After ChatGPT took the world by storm late last year, it was refreshing to see last week’s announcement of the imminent arrival of the chatbot’s next iteration received relatively modest coverage.
German publication Heise quoted senior members of Microsoft’s in-country leadership last week as saying GPT-4 would arrive this week.
Microsoft Germany CTO Andreas Braun said: “We will introduce GPT-4 next week, there we will have multimodal models that will offer completely different possibilities – for example videos,” Braun said. ChatGPT (or GPT-3.5) launched in December 2022, while GPT-3 launched in 2020.
Both Braun and Microsoft Germany CEO Marianne Janik stressed that while generative AI was a game changer, it wouldn’t be replacing human jobs. The big takeaway from the GPT-4 announcement was the fact that it will be “multimodal”, meaning it will be able to generate text, audio, images and videos.
This may sound like a big deal, but in reality it’s simply a consolidation of pre-existing AI technologies — including OpenAi’s own DALL-e image generator. In fact, GPT-4 sounds like it will tread on the toes of a range of third-party software, including MidJourney, ElevenLabels and D-ID, which together can create an AI animated avatar with voice overs.
Small Steps
All in all, this is a small step forward and might disappoint others that were expecting something more profound. However, it bears out the point that OpenAI CEO Sam Altman made back in January when he warned that “people are begging to be disappointed” by GPT-4”.
Altman didn’t mince his words when talking at StrictlyVC, discounting viral projections that the number of parameters in GPT-4 would climb to 100 trillion from 175 billion in GPT-3 as “complete bullshit”.
And yet, Altman acknowledged that he was caught off guard by the ChatGPT hype train. He said he simply viewed GPT-3.5 as an iterative step on from GPT-3, which didn’t generate as much excitement when it launched.
It seems Altman underestimated humanity’s preoccupation with the self. There are a number of reasons why seeing our own reflection is important to us, including the fact that reflections “help us develop our sense of self”. ChatGPT is the closest an AI program has come to mirroring humans’ conversational ability, creating a shared lightbulb for the cultural consciousness.
It managed this thanks to the focused training on a smaller dataset and with human feedback. I’m not even going to try to distill the technical side of this endeavor here, but if you want a more in-depth take on GPT-3.5’s development process then head on over to Jesus Rodriguez’s exploration of reinforcement learning with human feedback (RLHF).
A Tool’s a Tool
At the end of the day, ChatGPT is just a tool, albeit an exciting and powerful one. While it shows us the potential of generative AI, we still need to put the work in on our end to get the most out of it.
Over the weekend I read Business Insider’s Aaron Mok’s take on leveraging AI tools to boost his productivity. The long and short of it was that these tools made his life harder, with one notable exception. It got me thinking about our expectations when it comes to software learning curves.
The best software solution is one that makes the underlying technology invisible. For all intents and purposes, Google is one of the best examples here. When it comes to AI, ChatGPT is also at the forefront when it comes to invisibility.
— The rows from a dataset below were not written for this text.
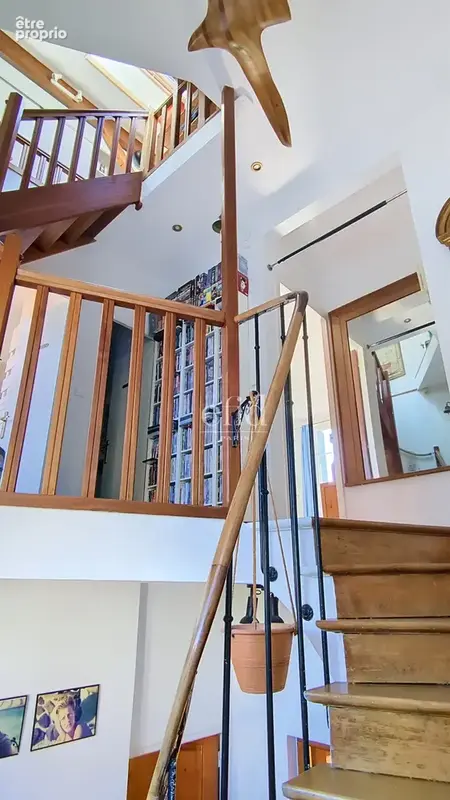 Maison La Celle Saint Cloud - photo 15
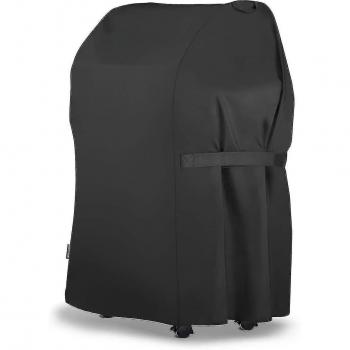 Cubierta de barbacoa de 52 pulgadas para Weber Spirit 200 y 300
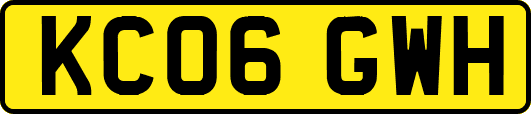 KC06GWH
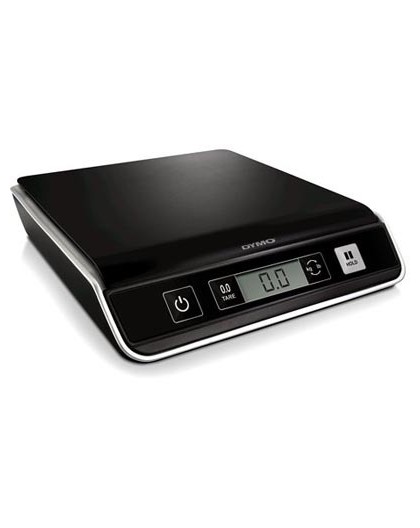 Dymo M5 -skaitmeninis svorio matuoklis, 5 kg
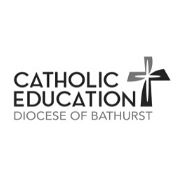 Bathurst Catholic Education Logo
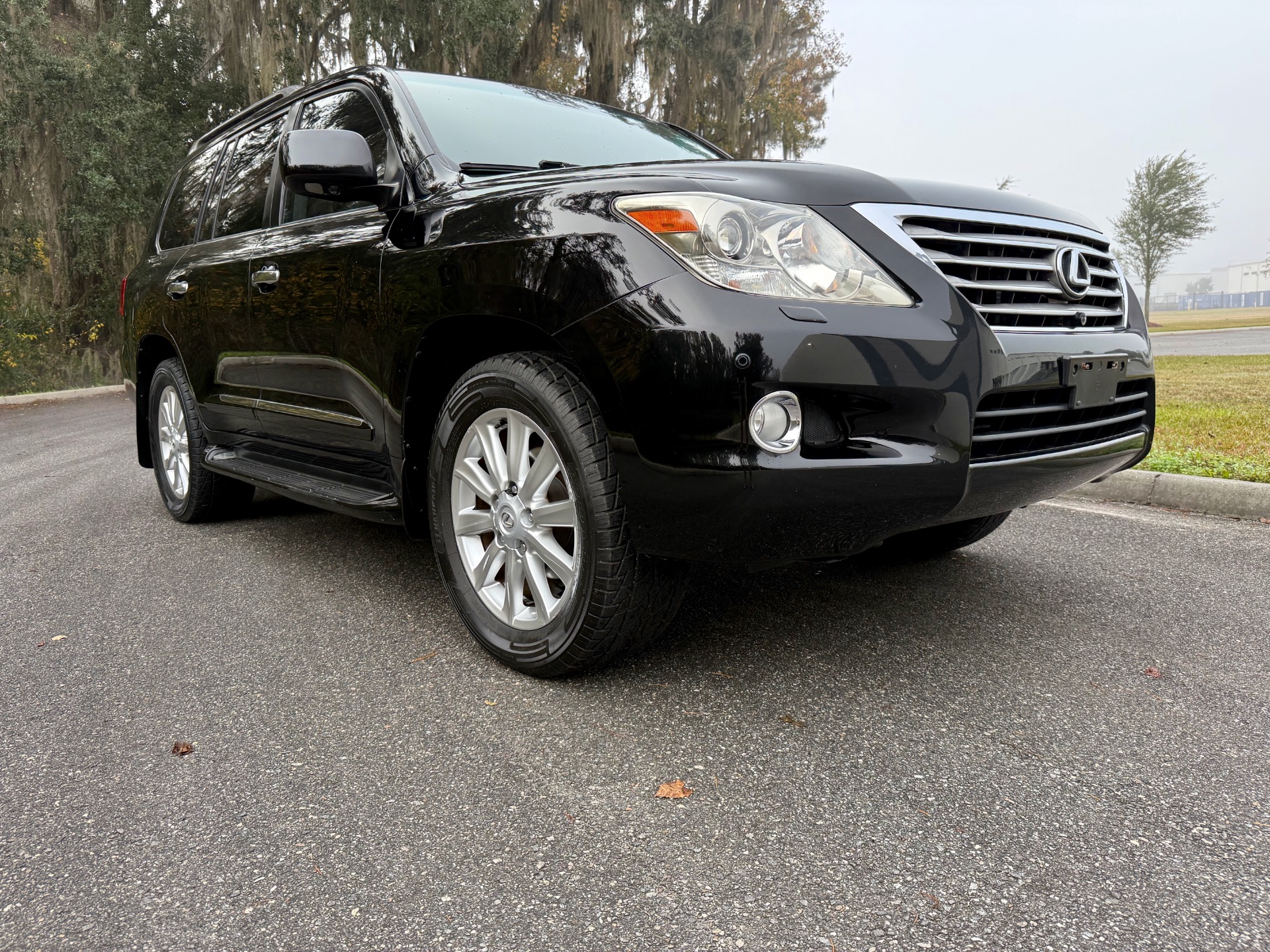 2009-lexus-lx-570-jacksonville-fl-for-sale-12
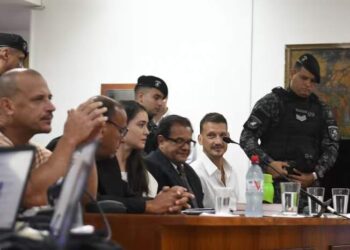 Se conocerá el veredicto del juicio contra los hermanos Kiczka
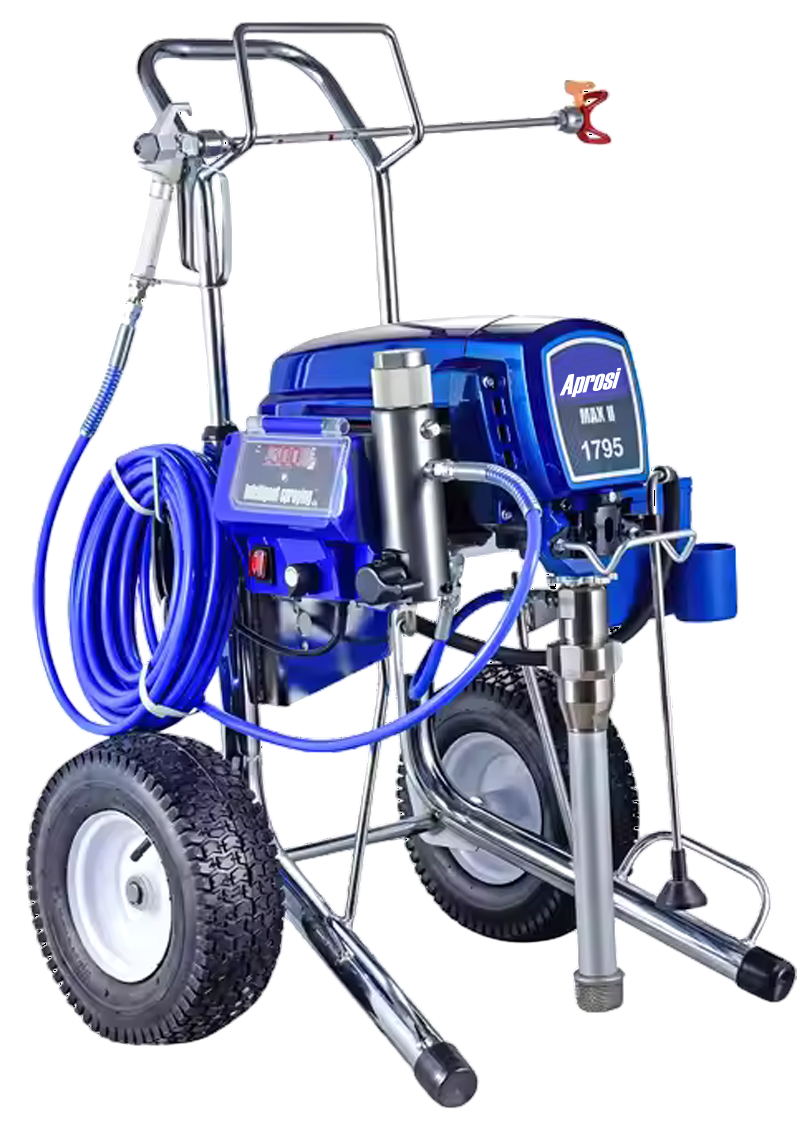 Pulverizador airless eléctrico PT-1795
People see a world where a low-tech conversational input with a chatbot leads to completed tax returns.
Content from our partners
And that world is coming, but we’re some ways off. As it stands, the AI tools we have now can deliver very specific outcomes and we need to remember that or we’re going to be unnecessarily outraged every time generative AI hallucinates information.
Abraham Maslow’s famous quote about hammers and nails doesn’t quite fit the context of this topic, but I’m going to hammer it in regardless. We need to stop thinking about AI as a one size fits all solution to productivity woes. AI comes in many forms that each require a serious time commitment from their users to extract true value — in other words, humans need to upskill.
Picking up a hammer doesn’t mean you can build a house. You’ll need an array of other tools to get the job done and, even then, if you don’t have any skills you’re just asking for trouble.